_INSTRUCTIONS FOR THE TASK_: All lines from the one containing "lot 154 image: 2" to the end of the data below are to be returned exactly, both ends included, with nothing added.
RAW DATA section start
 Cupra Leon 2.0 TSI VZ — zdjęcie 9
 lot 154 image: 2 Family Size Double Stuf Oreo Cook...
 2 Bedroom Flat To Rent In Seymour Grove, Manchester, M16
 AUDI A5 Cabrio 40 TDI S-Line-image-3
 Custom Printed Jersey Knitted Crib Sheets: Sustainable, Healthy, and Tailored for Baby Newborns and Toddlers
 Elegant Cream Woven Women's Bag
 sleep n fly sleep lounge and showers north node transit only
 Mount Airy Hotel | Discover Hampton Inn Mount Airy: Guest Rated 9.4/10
RAW DATA section end
_SOLVED PROBLEM_:
 lot 154 image: 2 Family Size Double Stuf Oreo Cook...
 2 Bedroom Flat To Rent In Seymour Grove, Manchester, M16
 AUDI A5 Cabrio 40 TDI S-Line-image-3
 Custom Printed Jersey Knitted Crib Sheets: Sustainable, Healthy, and Tailored for Baby Newborns and Toddlers
 Elegant Cream Woven Women's Bag
 sleep n fly sleep lounge and showers north node transit only
 Mount Airy Hotel | Discover Hampton Inn Mount Airy: Guest Rated 9.4/10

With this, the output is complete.